Moving in with someone is an opportunity to spend more time together and to have a lot more hot sex, but it can also reveal the less attractive aspects of your personality, and that's where couples can come a cropper. Anyone can put their best foot forward on a date, but when you are sharing a bedroom you get to smell their socks.

As you point out, the decision to live together is generally made when the rose-tinted glasses are still steamed up, but one of the problems with cohabitation is that it shrinks the physical space between you. That provides cosy security, but it also rapidly robs a relationship of mystery. There will, inevitably, be things that you can never unsee or unhear. It won't be a problem in the early days, but in the long term keeping the lust alive is about not losing your 'self' in the relationship, continuing to respect each other as individuals and being responsive to each other's needs.

When psychology professor Gurit Birnbaum asked 100 couples to keep a diary of changes that increased sexual activity in their relationships, she found that levels of sexual desire increased significantly when partners made each other 'feel special'. Feeling that their partner understood them and was genuinely interested in supporting them created a foundation of intimacy that led to a satisfying sexual relationship.

How do you make someone feel special every day?
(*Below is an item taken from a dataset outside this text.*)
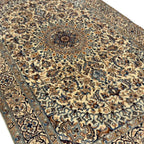290 x 190 cm Hand Knotted Persian Nain Rug – Ivory & Blue Floral Medallion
Take a genuine interest in them and in what they have done that day. That doesn't sound remarkable, but you would be amazed at how many couples forget to ask each other how their day was or how they are feeling. Forget date nights and sex toys; it really is the smallest of things that fuel sexual intimacy.
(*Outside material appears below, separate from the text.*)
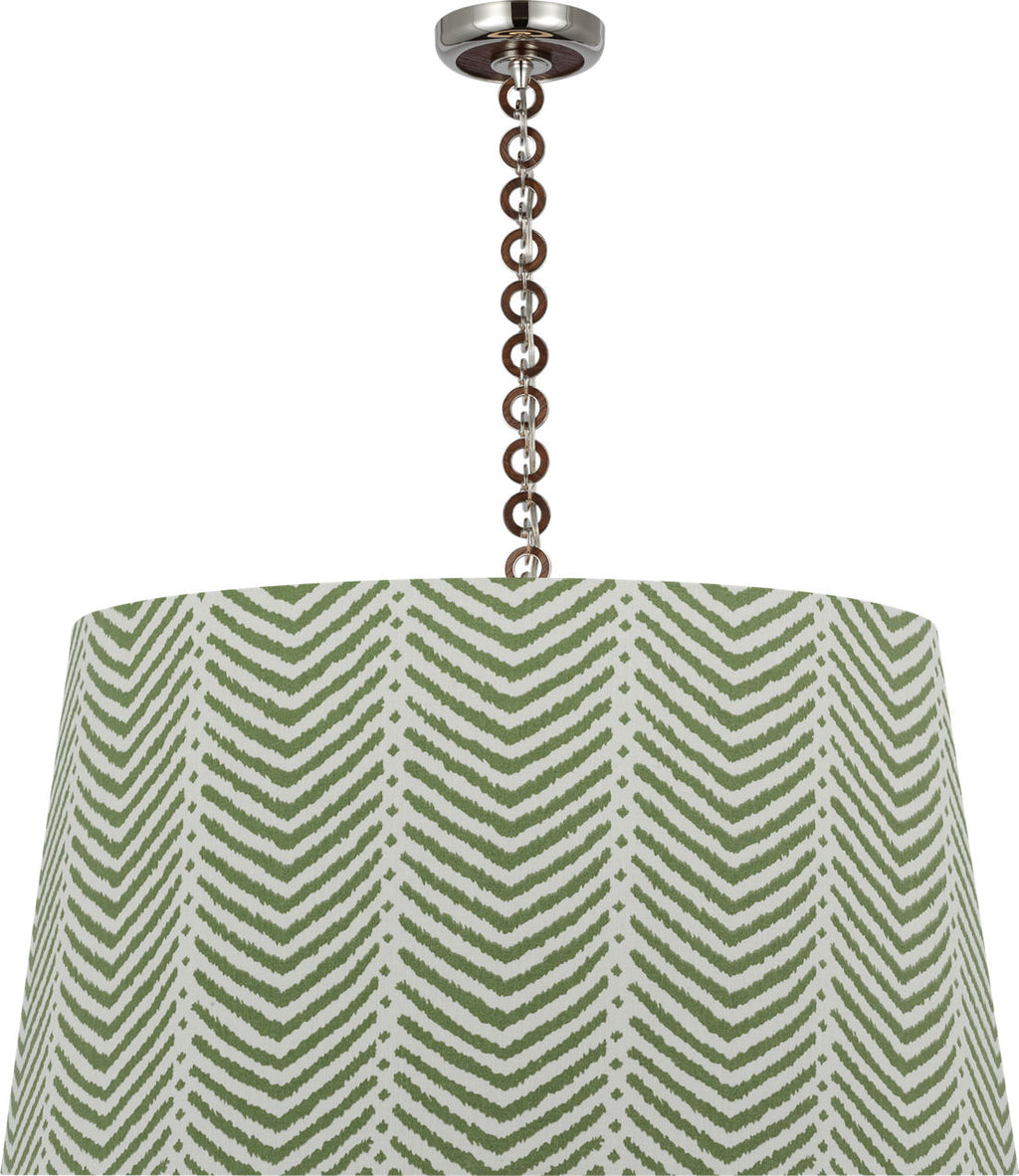 Evelyn 33" Hanging Shade | Polished Nickel and Natural Oak | Schumacher Verde La Jolla Shade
Even if you've been burnt before, the good news is that if you can get through the first five years, you cut the risk of this relationship failing by 50%. Michael Rosenfeld, a sociologist at Stanford University, has been conducting a longitudinal study of the romantic trajectories of more than 3,000 people since 2009 and he has found that the longer a couple stay together, the less likely it is that their relationship will end; the risk falls by roughly ten percentage points each year for the first five years, which is impressive. The more you invest in your relationship, the less likely you are to give up on it. However, no matter how hard you try to avoid conflict, living together will create some. And although sex can be an effective salve when things get tetchy, it will never do the heavy lifting. If you are not getting on in the kitchen, you are unlikely to be getting on in the bedroom either.

Domestic equity is fundamental, but rules often cause more problems than they solve. Initially, I think you are better off playing to your strengths and discovering what you both delight in. It may transpire that one of you loves cooking and shopping, the other may enjoy sorting the recycling, folding the laundry or precision-stacking the dishwasher. Celebrate what works, rather than nagging each other about what does not, and have an honest conversation about how you can divvy up the tasks that don't appeal to either of you. Find ways to make the tough stuff fun and the fun stuff will be frequent.